Unfortunately, the 64kB limit for the constant memory is a huge problem for the next expansions of this application so I’m thinking about alternatives. My idea is now to replace all constant memory with regular global memory and access it through the new
annotated_ptr introduced with CUDA 11.5.
Is the performance of an
annotated_ptr with the
persisting access property similar to the performance of constant memory?
Is constant memory always stored in the cache from the moment
cudaMemcpyToSymbol is called whilst
persisting global memory is only cached when it is accessed at least once?
What is the effect of the
streaming access property?
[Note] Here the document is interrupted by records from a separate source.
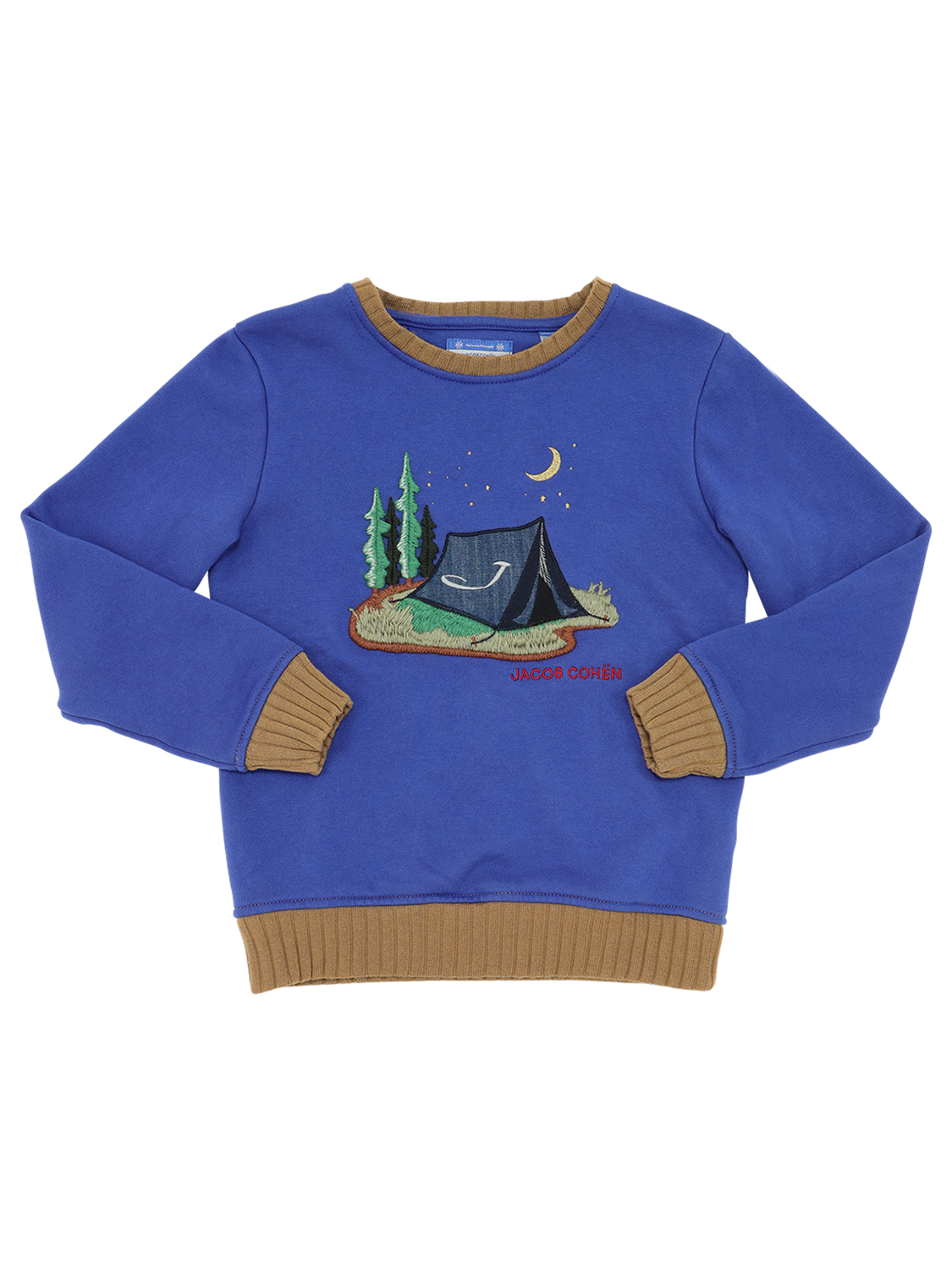 Sweatshirt Aus Baumwolle Mit Stickerei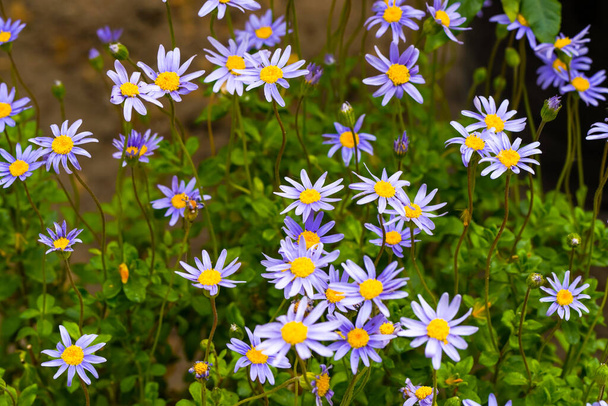 Purpurfarbene Kapaster-Blüten. Felicia amelloides. Blühende Pflanze aus nächster Nähe. - Foto, Bild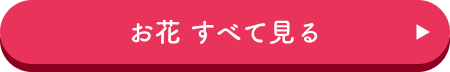 お花 すべて見る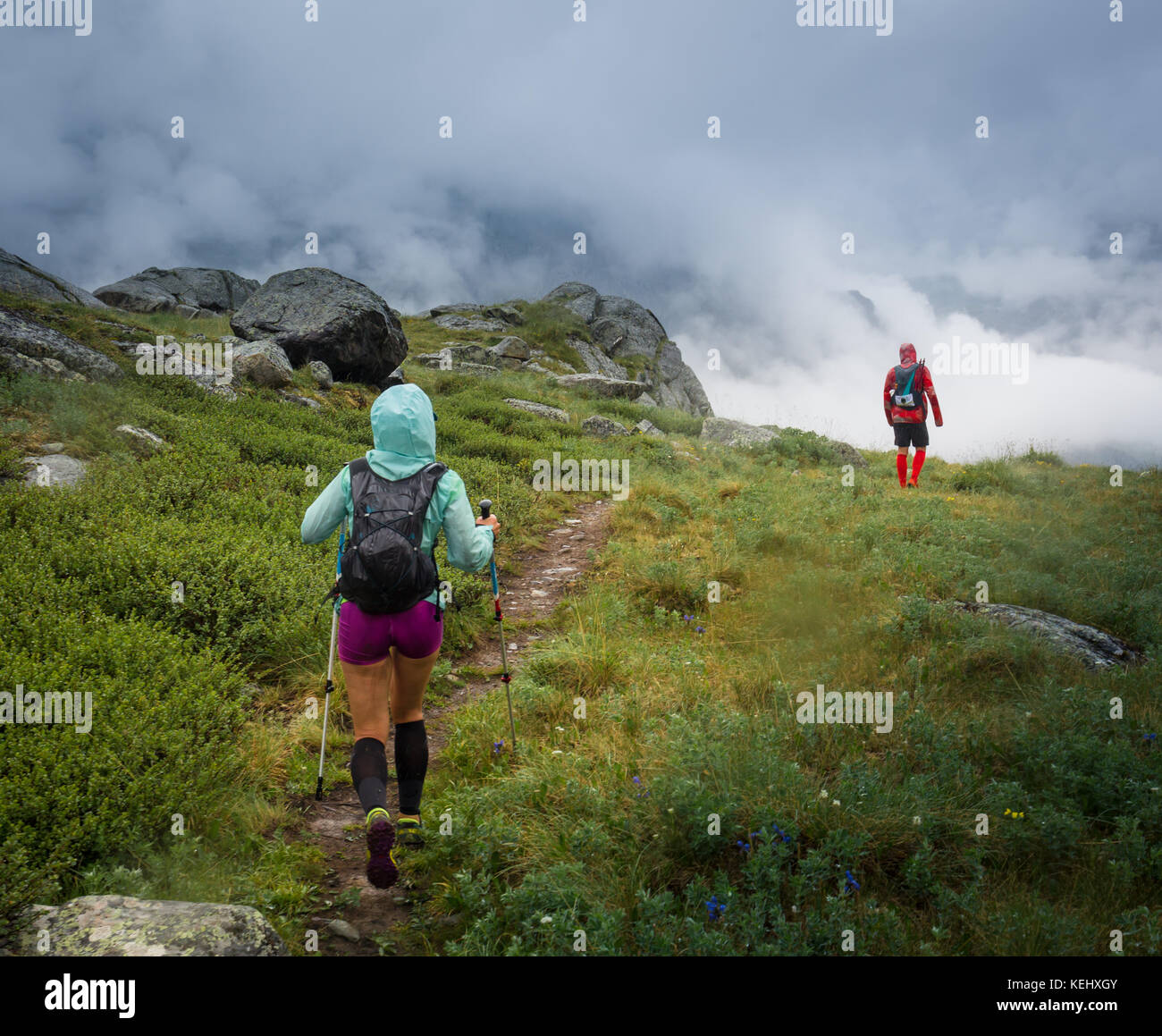 Un gruppo di atleti in un giorno di pioggia corre lungo il percorso verso la nebbia. degli Altai, Russia. Foto Stock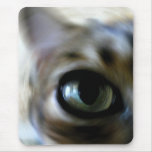 Ansel's Eye Mousepads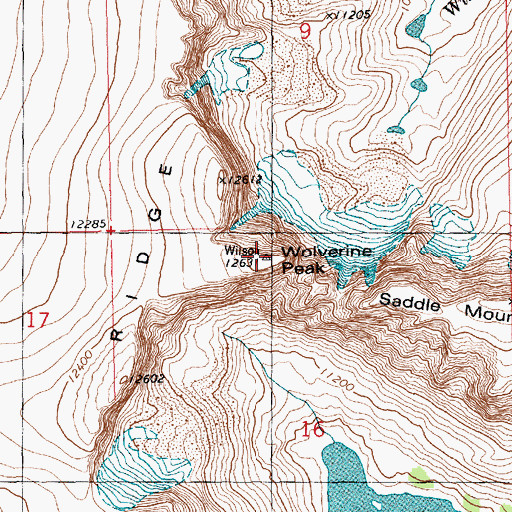 Topographic Map of Wolverine Peak, WY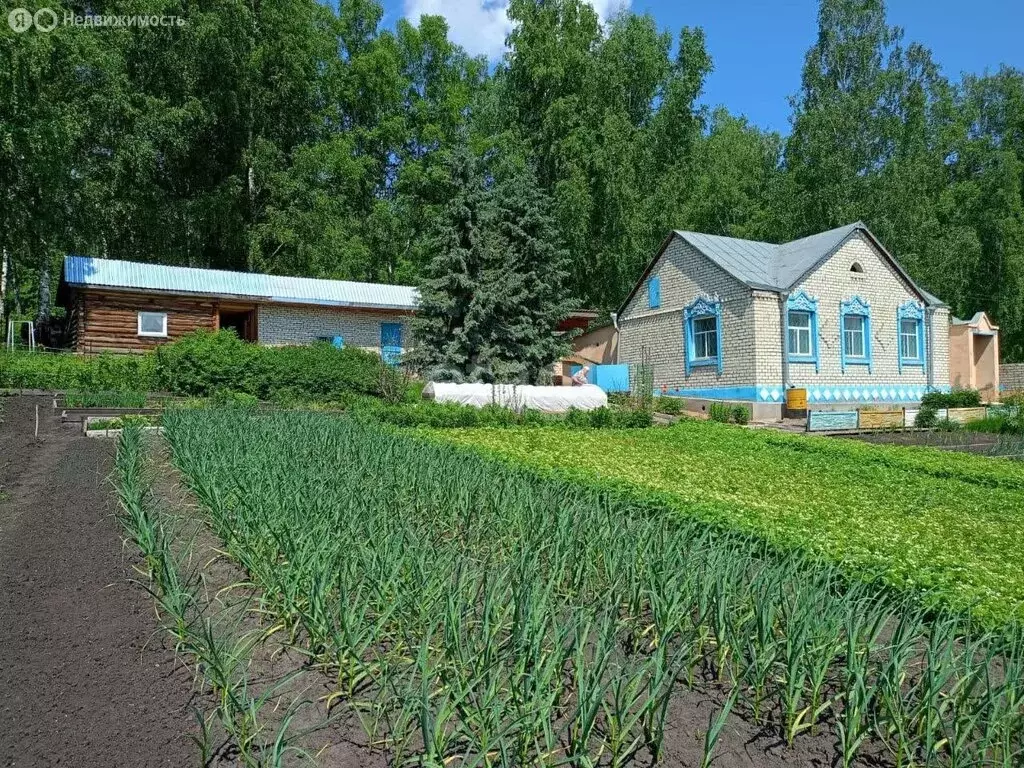 Дом в Преображенский сельсовет, деревня Игинка, Лесная улица (48.1 м) - Фото 0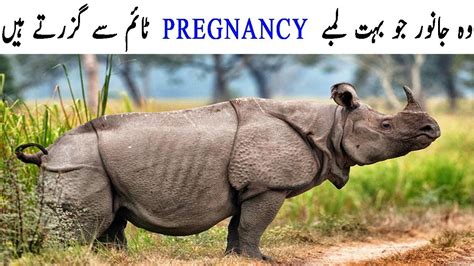 Longest Pregnancy Period Animals Youtube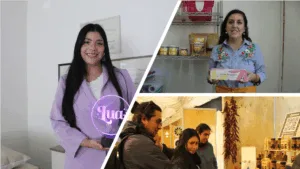 Chile Emprende: nueva plataforma reúne programas, subsidios y apoyo estatal para las Mipymes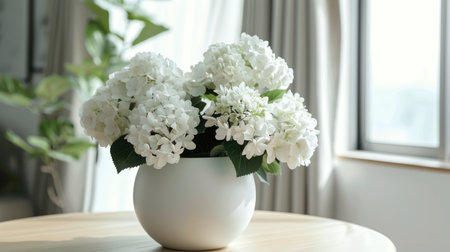 White flowers in a sleek white pot, creating a harmonious and refined composition.の素材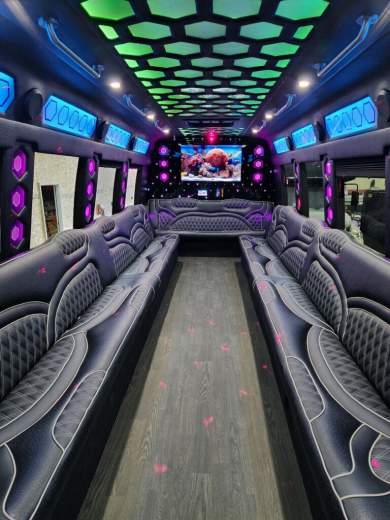 2017 Ford F550 Limo Bus for Sale in Erie, Pennsylvania, US - Photo 4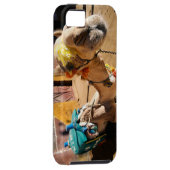 A friendly camel awaits its next rider, Cairo, Case-Mate iPhone Case (Back/Right)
From the description in the code documentation I would assume that this data will not be cached or at least not be hold in the cache too long. Is this correct?
Since I didn’t use
annotated_ptr so far I’m also interested in your experience with this new feature. Next week I’m going to update my system to CUDA 11.5 to run a few tests myself.
Before going down the path you suggest, if it were me, I would first try to see if I can get most of the benefit by decorating the pointer with
const __restrict__ and/or take advantage of the read-only cache load functions that are described in the CUDA programming guide. The read-only cache is a separate entity in the GPU memory hierarchy i.e. distinct from the L2 .
I don’t think this is documented anywhere and it will certainly be application and usage dependent. For a relatively small carveout (e.g. 64KB) on a cc8.0 or 8.6 GPU, I suspect that the performance would be similar. If instead, you did, say, a 4MB carveout, you might significantly impact the benefit the L2 cache is bringing to the “rest” of you application. There is no way to discover this from a forum post, it will require a trial.
cudaMemcpyToSymbol operation does not necessarily populate the cache in any defined way. The cache for
__constant__ memory is a per-SM entity, and I don’t think its size is published anywhere but I used to use 8KB per SM as a guesstimate/rule of thumb. So all 64KB are not all cached at the same time anyway. You should assume the usual cache behavior - caching based on usage/access from device code.
I believe the expectation here is that these will be preferentially evicted.
If you intend to use this mechanism, even through the “library interface”, you can probably learn more about it by reading the relevant section in the programming guide.
For all Compute Capabilities (except 6.0 @ 4kB), 8kB is correct. Table 15 “Cache working set per SM for constant memory” here: Programming Guide :: CUDA Toolkit Documentation
Thank you for the detailed reply and the links to the relevant documentation pages. I already expected that the answers to my questions could not be generalized and would need further tests and measurements. I didn’t know the cache load functions, and as you suggested, I will start with those.